Le cœur de la transformation du siège de Colas repose sur la mise en place d’un flex office partiel et d’une liberté de s’installer n’importe où. « Tous les espaces collaboratifs ne sont pas réservés à tel ou tel étage », souligne Antoine Abis. Cette dynamique permet le brassage des collaborateurs et des services sur les différents plateaux, au service d’un surcroit d’interactions et d’une meilleure circulation de l’information. Ainsi, les espaces communs informels aménagés à chaque étage au niveau de la pointe nord de l’immeuble sont accessibles, que ce soit la zone « bibliothèque » ou l’espace de créativité.

Scénarisation des espaces

Ces espaces atypiques font partie intégrante du projet de transformation. « Assez contraint par la réalité architecturale du bâtiment, nous avons procédé à la libération et mise en commun des espaces les plus agréables des plateaux, situés dans la pointe du bâtiment », explique Antoine Abis. Des lieux à forte image et avec vue sur Paris ont été scénarisés, tantôt pour encourager l’esprit idéateur et les échanges, tantôt pour s’y replier et travailler en zone calme et protégée.

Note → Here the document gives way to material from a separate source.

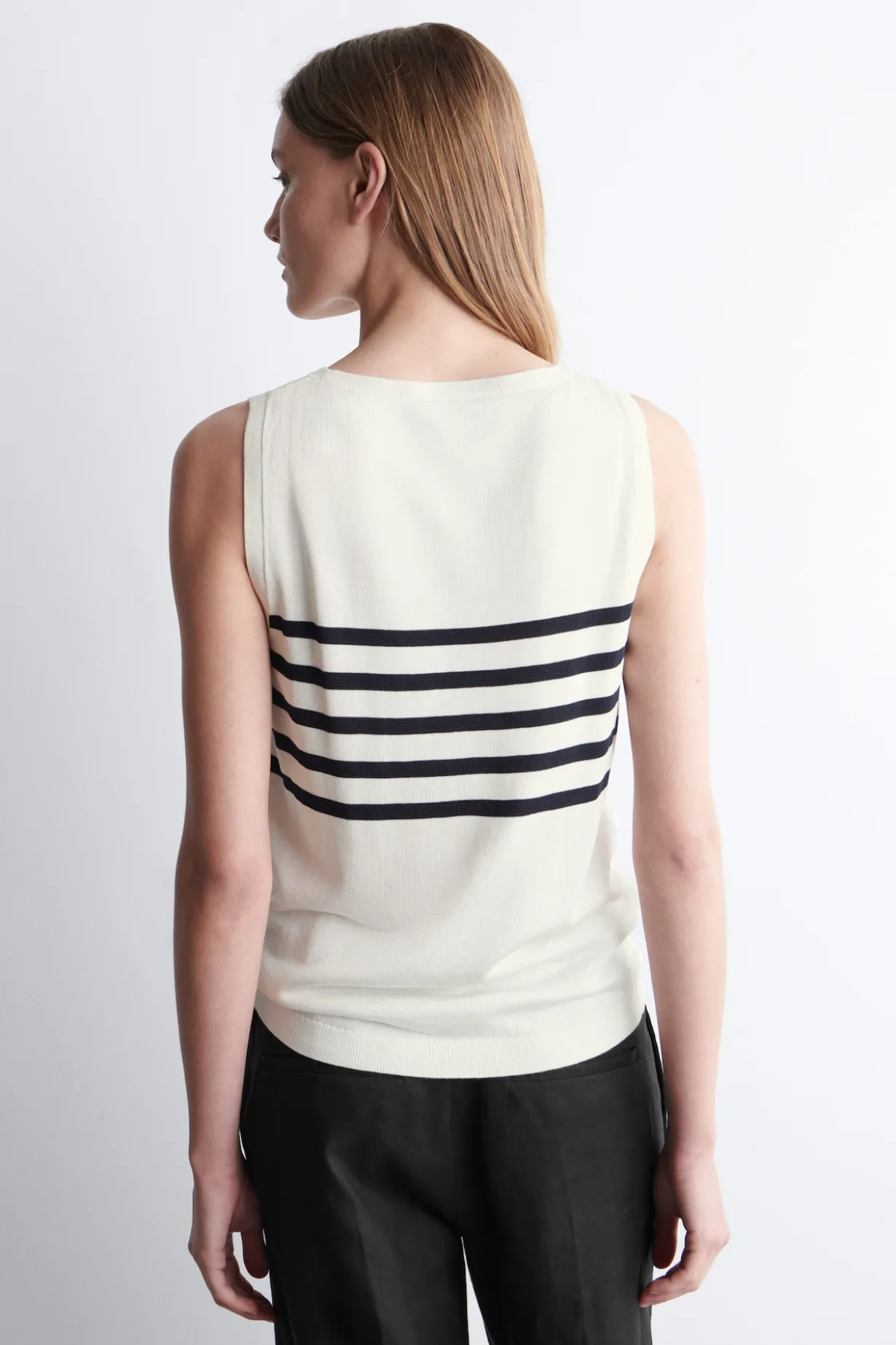 GESTREIFTES STRICK-TANKTOP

Face à la forte demande lors des ateliers de pouvoir bénéficier d’espaces de silence propices à la concentration, au repli et à la production en « milieu calme », les instigateurs du projet ont aménagé une zone de travail partagée et scénarisée à l’image d’une bibliothèque universitaire. « Cet espace permet de travailler en silence, déconnecté et sans interactions ni sollicitations extérieures. Cela permet de libérer des salles de réunions ou des box détournée actuellement pour ces usages », souligne Damien Dreyfous-Ducas.

Parallèlement, un autre étage propose un espace organisé comme un petit amphithéâtre permettant de lancer une dynamique de création et de créativité, équipé des technologies informatiques adaptées, propices à la créativité et au partage. L’espace peut également servir de lieux de pause et de détente lorsqu’ils sont non occupés.

Image de marque

Si les aménagements intérieurs du siège correspondent à une mouvance largement répandue dans les projets récents (variétés de postures de travail, espaces informels, lieux de réunion et d’isolement pour le travail individuel), Colas a souhaité que son identité soit préservée. Une volonté qui transparaît principalement dans la cafétaria, plébiscitée lors des ateliers comme le lieu essentiel de la convivialité et des interactions informelles.

Offrant comme ailleurs une diversité de postures afin de déjeuner seul ou en équipe, de se détendre, mais aussi d’échanger sur un dossier, cet espace réinvente la réalité « métiers » et terrain de Colas, à savoir la route et le monde du chantier. L’espace a été pensé afin de rendre hommage aux collaborateurs avec un mur de casques représentant les collaborateurs des 46 filiales de l’entreprise à travers le monde, une tisanerie reprenant les codes du laboratoire de chantier, des tables de restauration réalisées en enrobé bitumineux, ainsi qu’un couloir agrémenté de la technologie Flowell, solution de signalisation dynamique développée par Colas.

Entièrement repensé, le siège de l’entreprise de travaux publics se place comme un démonstrateur d’une manière de faire, adaptée aux besoins exprimés par les utilisateurs tout en affirmant l’identité forte de la marque Colas. « Parmi les quatre directions territoriales, celle du Nord-Est est partante pour réaménager ses locaux basés à Nancy », se réjouit Antoine Abis.